Resilient infrastructure starts with your teams and workflows
First and foremost, building resilient infrastructure is dependent upon a well-managed team. Grubhub’s IT teams regularly assess their systems and processes. Since their systems are constantly evolving, they evaluate accumulating technical debt, metrics tracked, general design, as well as ways to improve performance.
For example, Grubhub uses their off-peak season (i.e., when the weather is warmer and more people go out for meals) to review their systems for scale. As Trevino says, "Preparing for higher traffic and building resiliency is a continuous exercise, part of day-to-day culture here. One of the things that we do, since our business is more active when the weather is colder, leading up to Labor Day, we go through the exercise of reviewing all of our systems to make sure that we're scaled appropriately."
Additionally, they strategically update and change critical infrastructure to avoid downtime and disruptions. They’ll hide new features behind A/B testing, feature flags, and so on before rolling out to a wider audience. They also start small, and make incremental changes during rollouts. For example, when migrating to NS1 for Managed and Dedicated DNS, they started with their lowest impact domains, then worked up to business critical ones once confirming all systems were working smoothly.

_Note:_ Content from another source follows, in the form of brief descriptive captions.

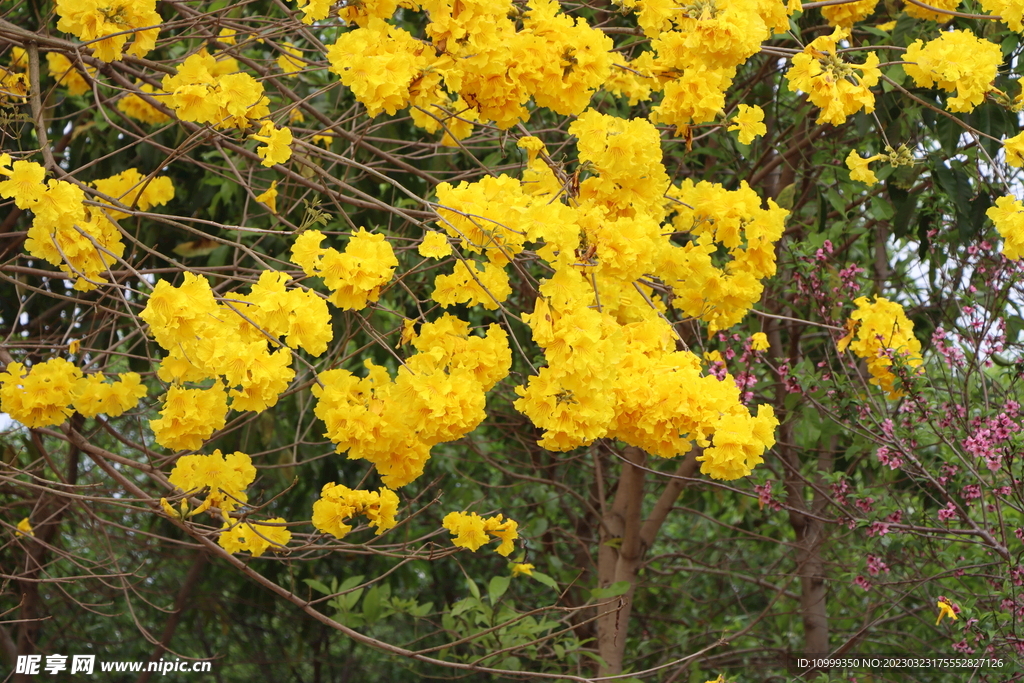黄风铃花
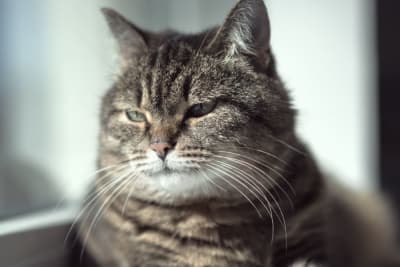 Old Cats – Caring for Senior Cats Old Cats – Caring for Senior Cats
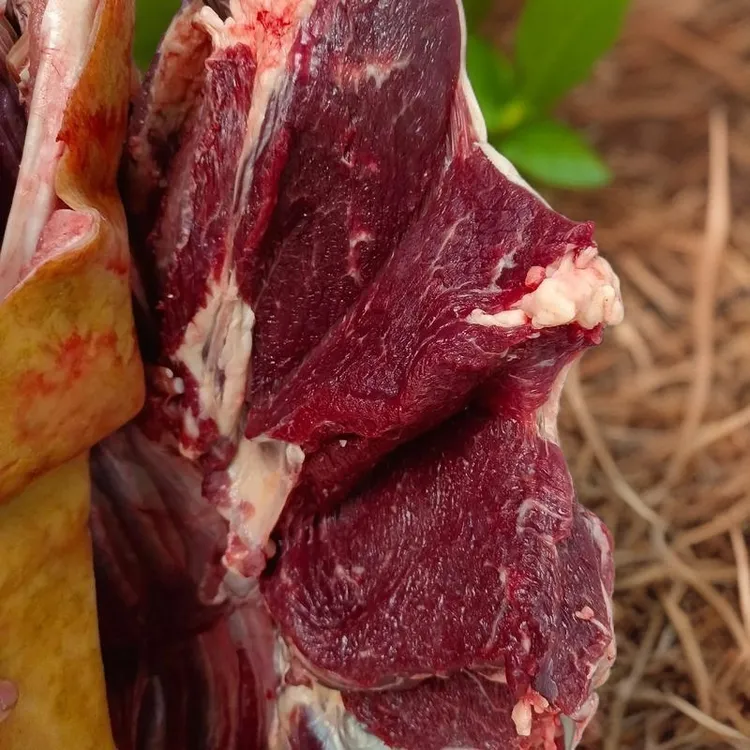 贵州高山带皮草山小黄牛后腿肉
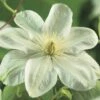 FLORASELF® Bosrank Clematis 'guernsey Cream' Potmaat Ø16 Cm -FLORASELF Verkoop DV 8 3898065 02 4c DE 20210329094659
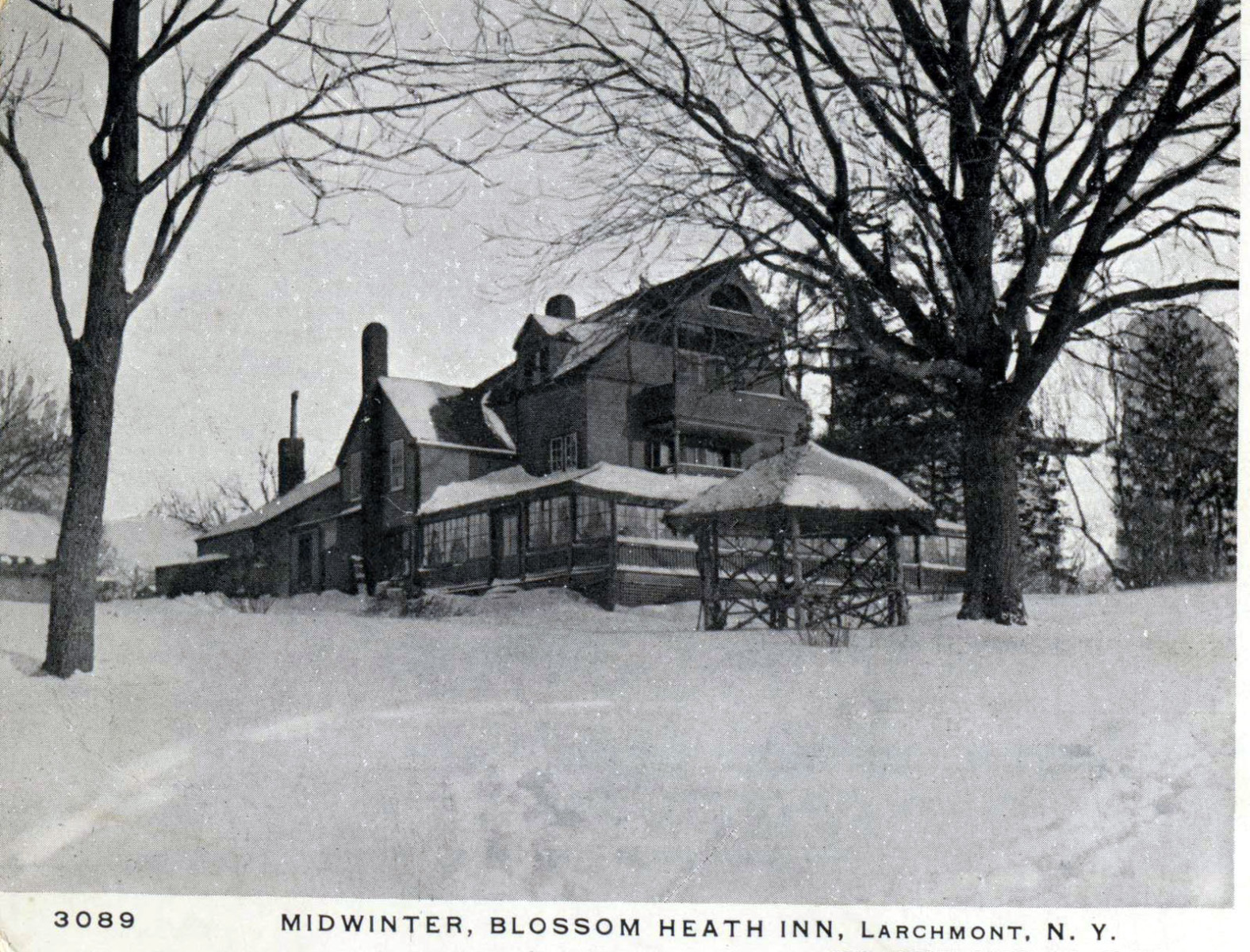 Levi-Collection_Blossom-Heath-Inn-bpr1265_j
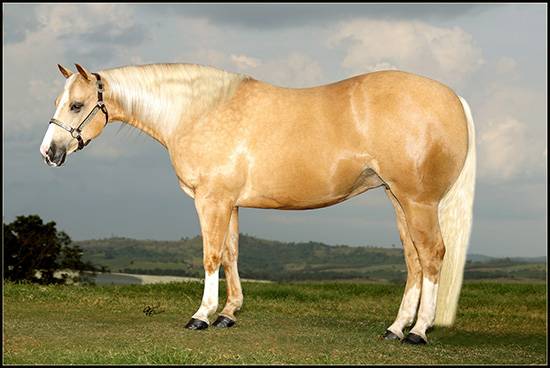 Jessi Dual Haras Motta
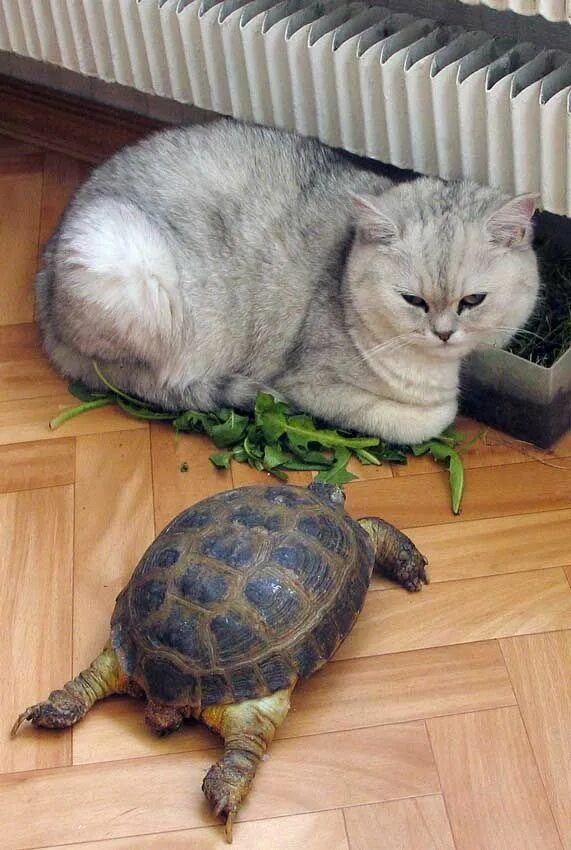 Кот и черепаха. Кошка черепаха. черепахи и коты. котенок и черепаха.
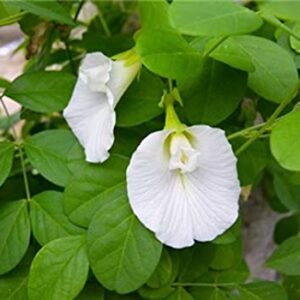 Butterfly pea plant white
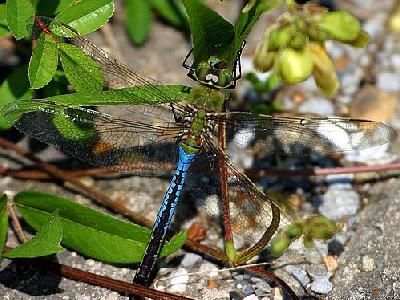 Photo Dragonfly Insect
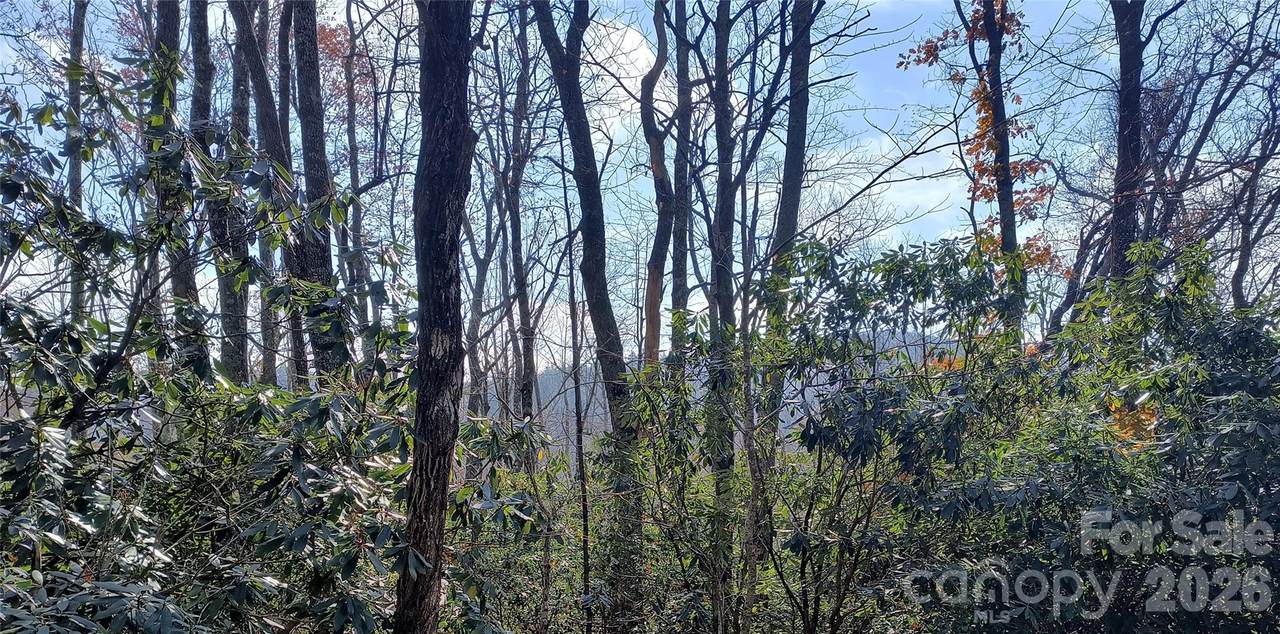 Lot 322 Sunny Drive - Photo 1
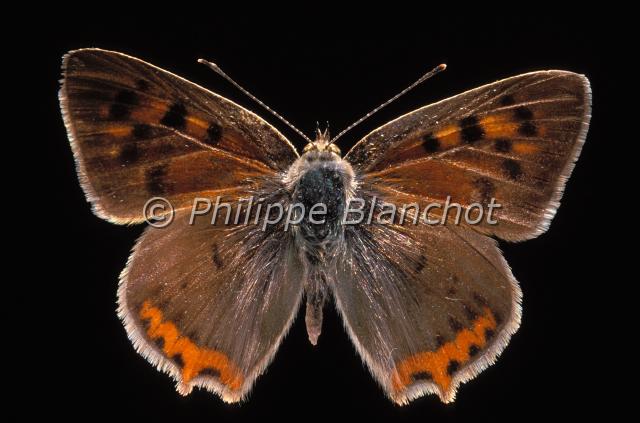 lycaena phlaeas 2 .JPG - Lycaena phlaeas (femelle)Cuivré communCommon CopperLepidoptera, LycaenidaeFrance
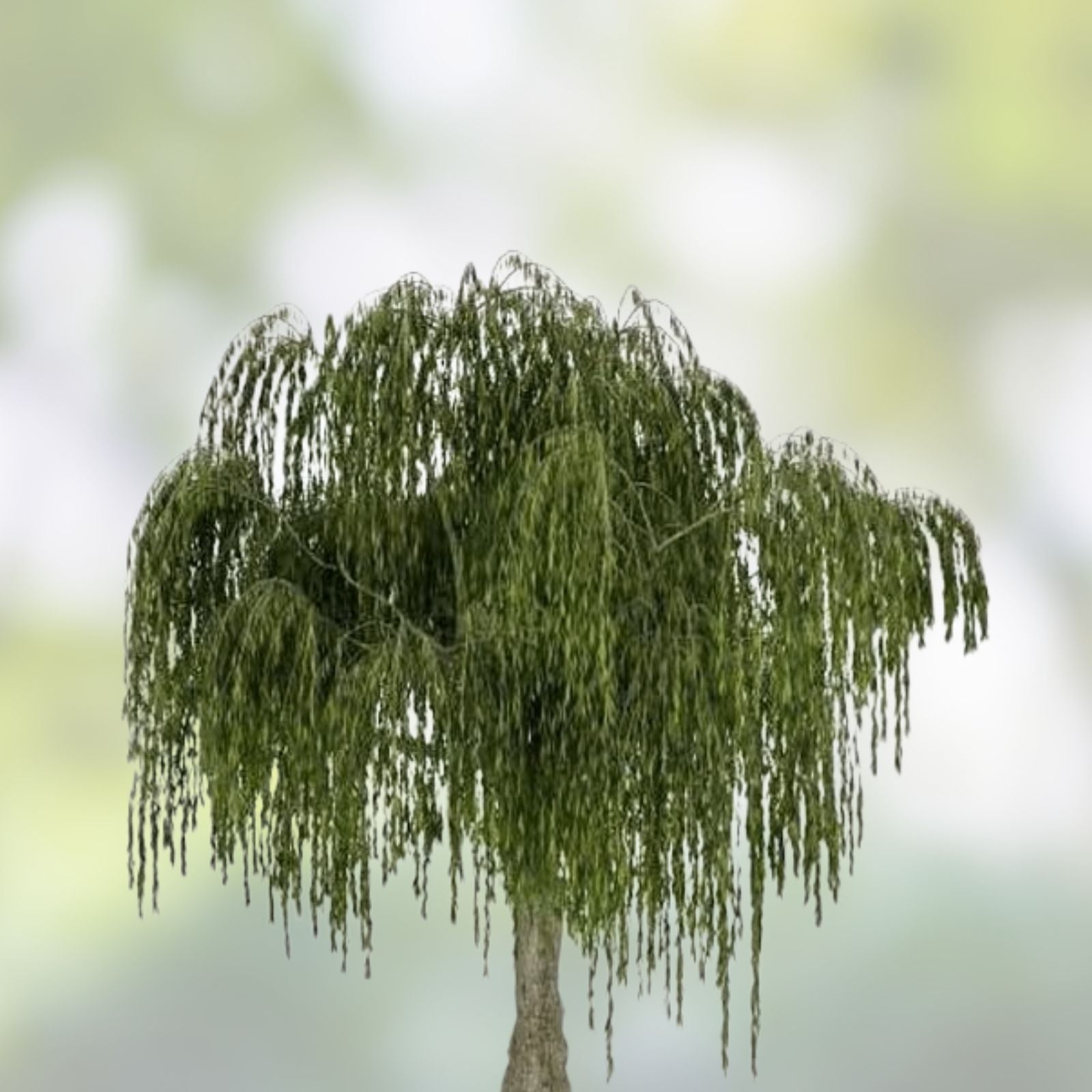 Weeping Willow Cuttings Salix Babylonica Live Plant Propagation Bonsai Starter Bare Root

Build redundancy into critical infrastructure for resiliency
According to Alex, a key area of focus for building business resiliency is designing with failure in mind: “we try our best to ensure that whenever we design any system or workflow, there is no single point of failure. We’re also building systems that are loosely coupled and have self-healing capabilities. When there is a dependency in any of our systems, we try to design them in such a way that we just experience service degradation rather than outright failure. ”
This philosophy dictates all aspects of their infrastructure. Redundancy is built in across their environment: multiple data centers, multiple payment processors, SMS message providers, email systems, and so on.
They have 3 levels of high availability that they consider throughout their infrastructure:
- Multi-active setup
- Passive / active setup with automated failover
- Passive / active setup with manual failover
Where possible, they use a multi-active setup so every component is handling live traffic. For example, they added redundancy at the DNS layer by using both NS1’s Dedicated DNS and Managed DNS in what they consider a multi-active configuration. They’re both serving live traffic at the same time, with records synchronized automatically across the two environments. Since the two are independent of each other, however, if one goes down the other is still available.
When they use an active/passive setup, they implement an automated failover capability, and regularly test failover to make sure that functionality works as expected. And for some systems where automated failover is less mature, they continue to use manual failover while testing for ways to confidently implement automated.
Because Grubhub invested in their infrastructure on an ongoing basis, they were well positioned to meet the challenges of 2020. Amidst a turbulent year, they experienced record growth in regular users, as well as revenue, and reliable back-end infrastructure was a large contributor to that.